Torturado. Ela havia torturado...
— Solte-o — falei, tentando manter a voz equilibrada.
Amarantha gargalhou de novo.
— Me dê um motivo para não destruir você agora, humana. — Os dentes de Amarantha eram tão retos e brancos, quase brilhavam.
Meu sangue latejou nas veias, mas mantive o queixo erguido quando falei:
— Você o enganou, ele foi injustamente aprisionado. — Tamlin ficara muito, muito imóvel.
Amarantha emitiu um estalo com a língua e olhou para uma das mãos esguias... para o anel no dedo indicador. Um anel, reparei, quando ela abaixou a mão de novo, decorado pelo que parecia... parecia um olho humano encapsulado em cristal. Eu podia jurar que o olho virou dentro da cápsula.
— Vocês bestas humanas são tão pouco criativas. Passamos anos ensinando poesia e discurso refinado a vocês, e isso é tudo em que consegue pensar? Eu deveria arrancar sua língua por desperdiçar tudo.
Trinquei os dentes.
— Mas estou curiosa. Que eloquência será vertida de sua boca quando contemplar o que deveria ter acontecido a você? — Minhas sobrancelhas se franziram quando Amarantha apontou para trás de mim, aquele olho horrível realmente olhava com ela, e me virei.

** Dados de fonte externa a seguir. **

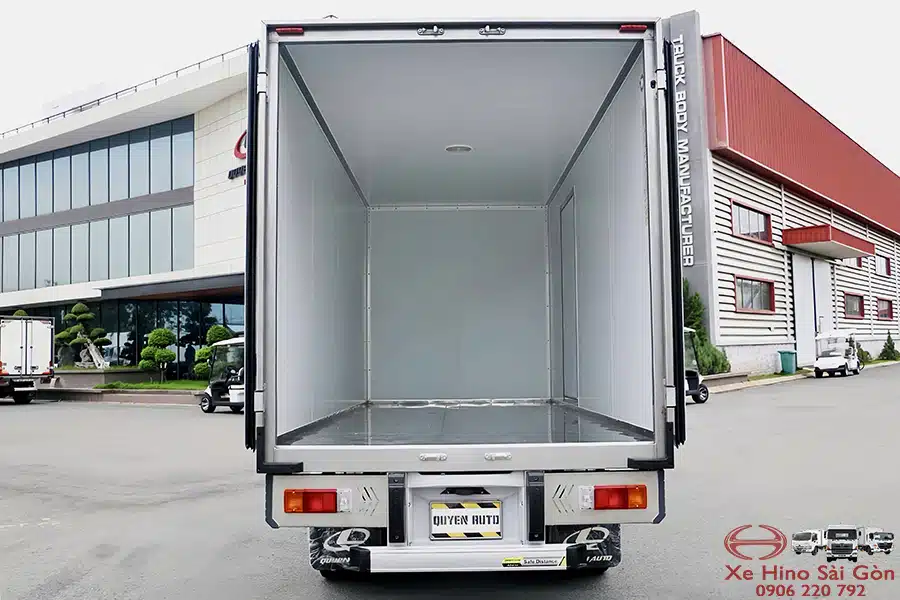 Xe Tải Hino XZU650 1.9 Tấn Thùng Kín Composite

Ali, pregado à parede da enorme caverna, estava o cadáver devastado de uma jovem. A pele estava queimada em alguns lugares, os dedos, dobrados em ângulos estranhos, e linhas vermelhas vívidas entrecruzavam o corpo nu da jovem. Eu mal conseguia ouvir Amarantha por cima do rugido nos ouvidos.
— Talvez eu devesse ter ouvido quando ela disse que jamais tinha visto Tamlin — ponderou Amarantha. — Ou quando insistiu que jamais gostara de um feérico, jamais caçara um único dia na vida. Mas os gritos foram deliciosos. Não ouvia música tão boa fazia séculos. — As palavras seguintes de Amarantha foram direcionadas a mim. — Eu deveria agradecer a você por dar a Rhysand o nome dela em vez do seu.
Clare Beddor.
Fora até ali que a levaram, aquilo era o que haviam feito com ela depois de queimarem viva a família de Clare, dentro de casa. Aquilo era o que eu havia feito com ela, ao dar a Rhysand o nome de Clare para proteger minha família.
Meu estômago se revirou; me concentrei para não vomitar nas pedras.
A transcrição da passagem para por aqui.